If you use this server with infrequently, unplug the network lead. Nothing will get to it then.


David Jenkins - 20/5/17 at 10:22 AM

Don't forget - Linux is a lot less vulnerable than Windows to malware, but not totally immune.

The guy in this YouTube video explains it all far better than I can manage:


Slimy38 - 20/5/17 at 02:21 PM

quote:
Originally posted by ash_hammond

If you use this server with infrequently, unplug the network lead. Nothing will get to it then.


Part of it is the media server for the house, so not far off 24x7 depending on which members of the household are awake.


Slimy38 - 20/5/17 at 02:23 PM

quote:
Originally posted by David Jenkins
Don't forget - Linux is a lot less vulnerable than Windows to malware, but not totally immune.

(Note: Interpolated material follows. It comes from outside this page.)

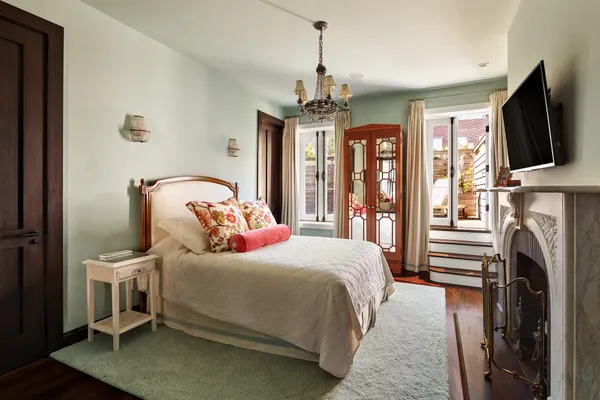 $16,995,000 | 42 Barrow Street | West Village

Oh yes, I am very much aware that there are still Linux vulnerabilities, that Youtube video was interesting but it talked a lot about Linux as a webserver and that's not something I'll be doing. I definitely won't be installing WINE though!

To be honest, the move to Linux has several other reasons, so I'm partly using this Wannacry as an excuse to buy another hard drive and actually make the move that I've been wanting to do for many years!!

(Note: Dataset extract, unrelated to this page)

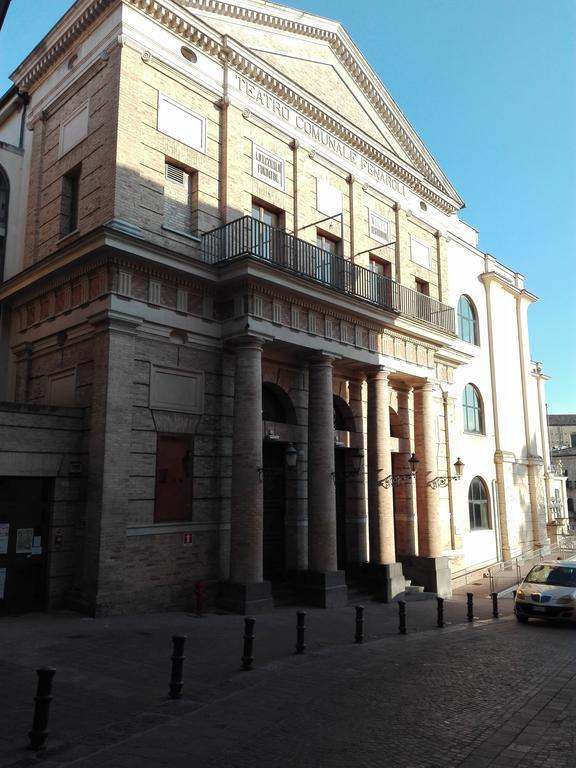 Albergo Roma Lanciano Exteriör bild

David Jenkins - 20/5/17 at 03:07 PM

I was unimpressed with Wine - there aren't many Windows things I want to run, and it didn't do any of them properly. In the end I built an unexciting little Windows PC that sits on top of my big fat Linux box, just so that I can occasionally run stuff that won't work on Linux.

VirtualBox was much better under Linux, but I decided that if I was going to pay for Windows 10 it might as well go on a dedicated machine.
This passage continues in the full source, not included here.